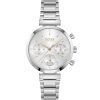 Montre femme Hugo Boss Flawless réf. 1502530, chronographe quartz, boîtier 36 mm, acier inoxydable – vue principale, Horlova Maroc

...

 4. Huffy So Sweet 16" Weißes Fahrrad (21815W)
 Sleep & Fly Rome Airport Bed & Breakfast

* * *

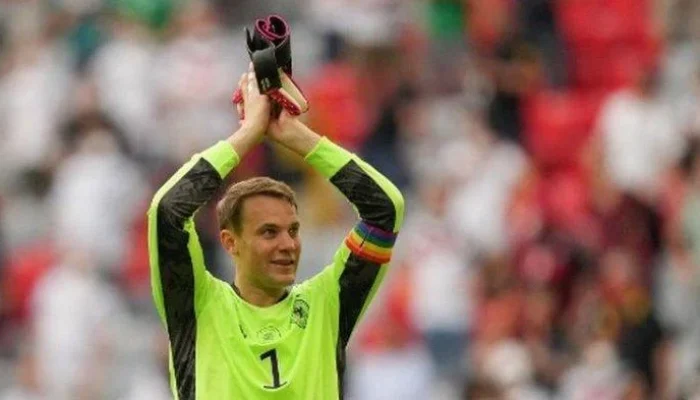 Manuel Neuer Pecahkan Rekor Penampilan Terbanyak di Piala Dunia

→ **ACTION ITEM**
Leave out every line above except those from the line with "4. Huffy So" up to and including the line with "Sleep & Fly Rome Airport Bed & Breakfast", and copy those exactly.

→ **ANSWER FOR THE TASK**
 4. Huffy So Sweet 16" Weißes Fahrrad (21815W)
 Sleep & Fly Rome Airport Bed & Breakfast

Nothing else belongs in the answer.